I think the example still optimizes with my patch because the addition is a legal op, if I understand correctly.
I wrote a sample LLVM IR function that seems to be analogous to the example above:

define void @f(i64 %ofs, ptr %p) {
  %ofs_2 = shl i64 %ofs, 1   ; Make %ofs_2 have LSB set to zero; this makes the `or i64 .., 1` below is equivalent to `add i64 .., 1`.
  %ofs_3 = or i64 %ofs_2, 1
  %p2 = getelementptr i8, ptr %p, i64 %ofs_3
  store i64 10, ptr %p2
  ret void
}

Running llc --mtriple=arm64-unknown-unknown -mcpu=neoverse-n1 -O3 b.ll -o - results in:

add     x8, x1, x0, lsl #1
mov     w9, #10
stur    x9, [x8, #1]

Which correctly puts #1 inside the store instruction's address operand.
Would allowing this fold when the addition is a legal op be sufficient, which is currently this patch is doing?

RKSimon added inline comments.Feb 20 2023, 2:08 PM
llvm/lib/CodeGen/SelectionDAG/DAGCombiner.cpp
2695–2705

I think TLI.getTypeToExpandTo should help you ?

aqjune added inline comments.Feb 24 2023, 10:11 AM
llvm/lib/CodeGen/SelectionDAG/DAGCombiner.cpp
2695–2705

Hi, I tried calling TargetLowering's getTypeToExpandTo, but it hit this error in the function if the integers' bitwidths were too small:

llvm_unreachable("Type is not legal nor is it to be expanded!");

Such case did not happen in the unit test of this patch, but another unit test (llvm/test/CodeGen/X86/setcc-combine.ll).

I think that my current version also deals with the add's bitwidth type because N0.getValueType() is passed as the second argument of isOperationLegal.
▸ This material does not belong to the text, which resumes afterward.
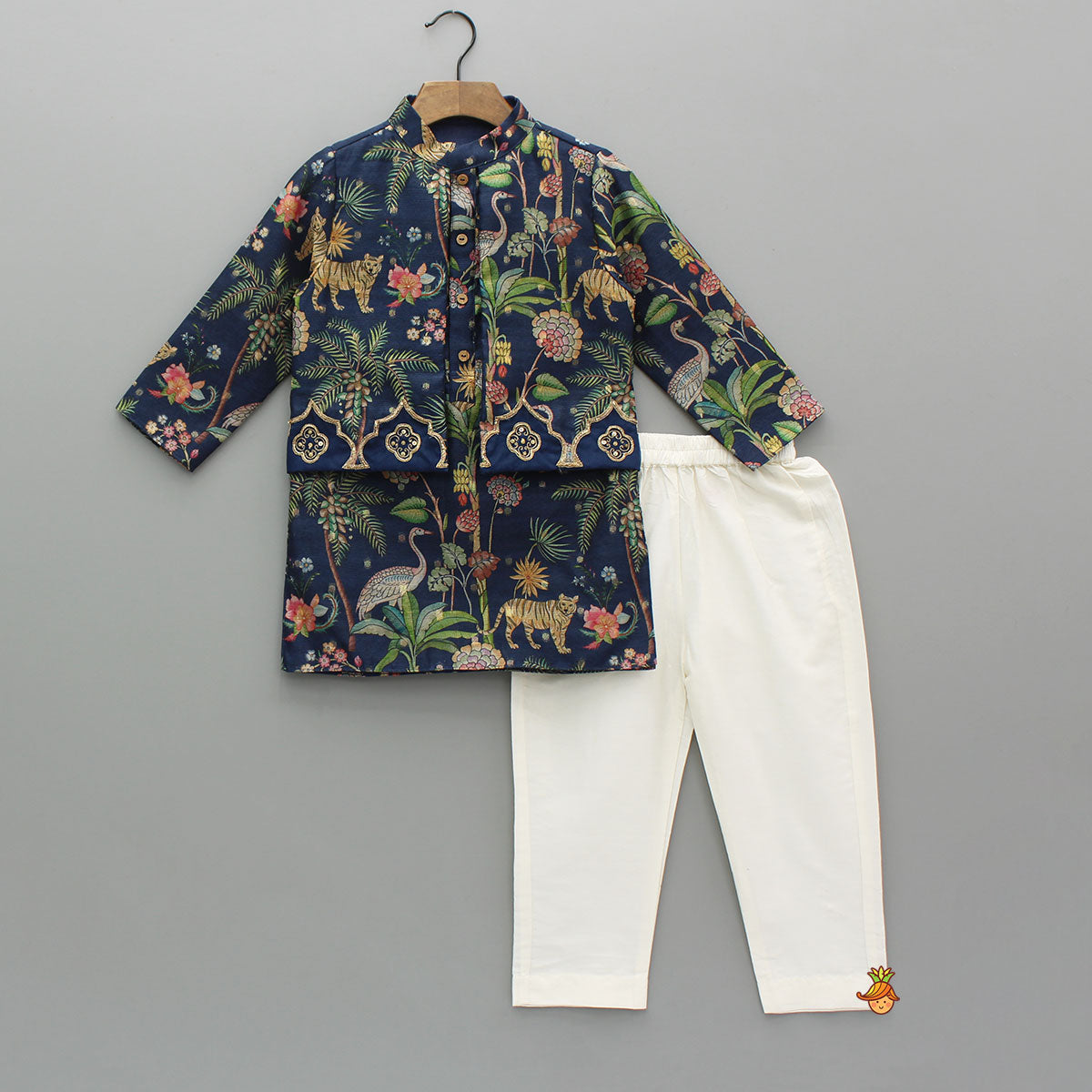 Pre Order: Jungle Printed Jacket Style Kurta With Pyjama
What do you think?

RKSimon added inline comments.Feb 26 2023, 5:15 AM
llvm/lib/CodeGen/SelectionDAG/DAGCombiner.cpp
2695–2705

I haven't had time to look at this in detail - but my concern is types that will be promoted (i4 etc.) instead of expanded (i128) - won't your legality logic assume they will need ADC as well?

aqjune updated this revision to Diff 500592.Feb 26 2023, 9:08 AM

Allow transformation or types that are to be promoted

aqjune marked an inline comment as done.Feb 26 2023, 9:12 AM
aqjune added inline comments.
llvm/lib/CodeGen/SelectionDAG/DAGCombiner.cpp
2695–2705

Thanks. I updated the patch.
For the vector types I wasn't sure what this patch should do. Do you have any idea how they must be dealt with?

aqjune marked an inline comment as done.Mar 4 2023, 2:36 PM

ping

RKSimon accepted this revision.Mar 7 2023, 8:40 AM

LGTM

llvm/lib/CodeGen/SelectionDAG/DAGCombiner.cpp
2695–2705

Nothing comes to mind - I think your change should be OK for vector types.

This revision is now accepted and ready to land.Mar 7 2023, 8:40 AM
aqjune added a comment.Mar 7 2023, 8:51 AM

Thanks..! :)

aqjune edited the summary of this revision. (Show Details)Mar 7 2023, 9:53 AM
This revision was landed with ongoing or failed builds.Mar 8 2023, 10:14 AM
This revision was automatically updated to reflect the committed changes.